Letztendlich kann man sich für unsere Überlegungen eine der drei
erstgenannten Kurven aussuchen, die zugrunde liegenden Prozesse sind
bei allen Temperaturkurven gleich.

In der Nacht von Freitag auf Samstag (29.11. auf 30.11.) war der
Temperaturverlauf (bzw. sind alle drei Temperaturverläufe) weitgehend
so, wie man es erwartet. Die Temperatur sank - abgesehen von einem
kleinen Peak nach oben zu Beginn der zweiten Nachthälfte)
kontinuierlich ab. Gegen 07 Uhr MEZ am Morgen (Pfeil 1) und damit
kurz nach Sonnenaufgang sorgte der solare Strahlungsinput dann für
einen Temperaturanstieg bis etwa zur Mittagszeit. Am Nachmittag
gewann die Ausstrahlung der Erde dann gegenüber der solaren
Einstrahlung die Oberhand und die Temperatur sank wieder ab. Diese
Temperaturkurve ist typisch für sogenanntes Strahlungswetter, das
sich durch wolkenarme oder wolkenlose Gegebenheiten auszeichnet.
In der Nacht zum Sonntag passierte dann aber Ungewöhnliches. Schon
gegen 02 Uhr MEZ (Pfeil 2) begann die Temperatur zu steigen. Eine
mögliche Option wäre natürlich Warmluftadvektion gewesen, allerdings
war der Wind schwach (Hochdruckeinfluss). Stattdessen kann man die
Erklärung aus Abbildung 2 herauslesen.

In dieser ist die tiefe Bewölkung dargestellt, wie sie unser Modell
ICON-EU für die Nacht vom 30.11. zum 1.12. vorhergesagt hat. Um 21
UTC am 30.11. (22 Uhr MEZ, oben links) war Mainz (roter Kreis) laut
Modell noch frei von tiefer Bewölkung. In der frühen zweiten
Nachthälfte (00 UTC entsprechend 01 Uhr MEZ), also kurz vor Beginn
des Temperaturanstiegs an der Johannes Gutenberg-Universität,
verdichtete sich die tiefe Bewölkung (oben rechts). Im weiteren
Verlauf der Nacht zog die Bewölkung immer weiter zu (unten, von links
nach rechts). Damit verstärkte sich die Gegenstrahlung und der
Temperaturanstieg schritt bis in die Morgenstunden voran. Übrigens:
Das wird auch der Grund für den kleinen Temperaturpeak in der Nacht
zum Samstag gewesen sein.
Mit Tagesbeginn schwang das "Strahlungspendel" aber zurück. Nunmehr
dämpfte die Bewölkung die solare Einstrahlung, entsprechend stieg die
Temperatur nur sehr zögerlich an - kein Vergleich zur raschen
Temperaturzunahme am Vortag. Dafür hielt der kontinuierliche
Temperaturanstieg bis in die Nacht zum Dienstag an. Dies war aber der
Warnluftadvektion durch Frontensysteme geschuldet.
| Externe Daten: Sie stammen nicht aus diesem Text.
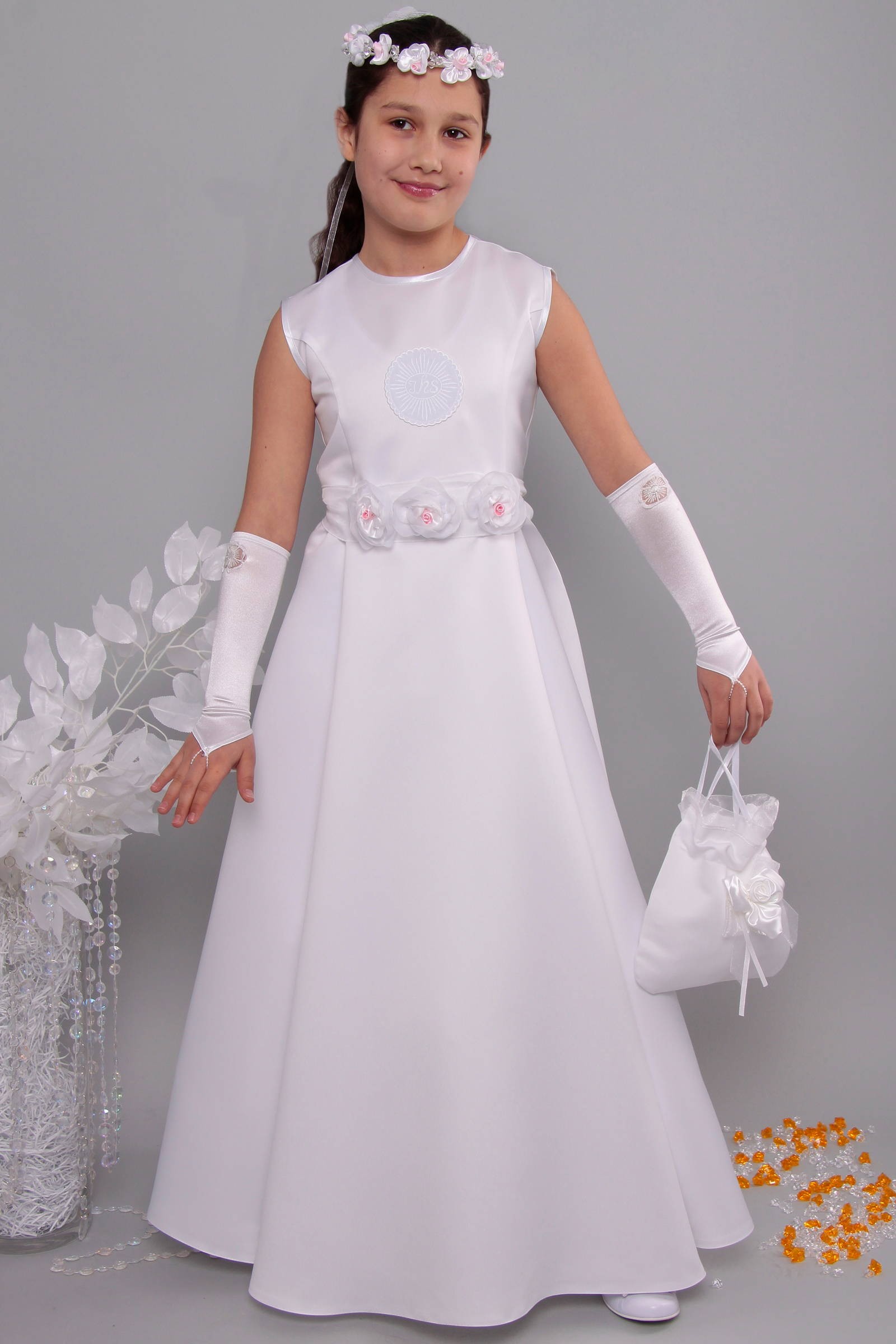 Satin communion dress 17/UK-ST - obraz 5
In weiten Teilen des Rhein-Main-Gebiets war der 1.12. somit kein
freundlicher Tag. Die Betonung liegt auf "in weiten Teilen". Denn wer
sich die Mühe gemacht hat auf den Feldberg im Taunus zu wandern,
konnte ein spektakuläres Panorama bewundern (Abbildung 3, mit
freundlicher Genehmigung von foto-webcam.eu).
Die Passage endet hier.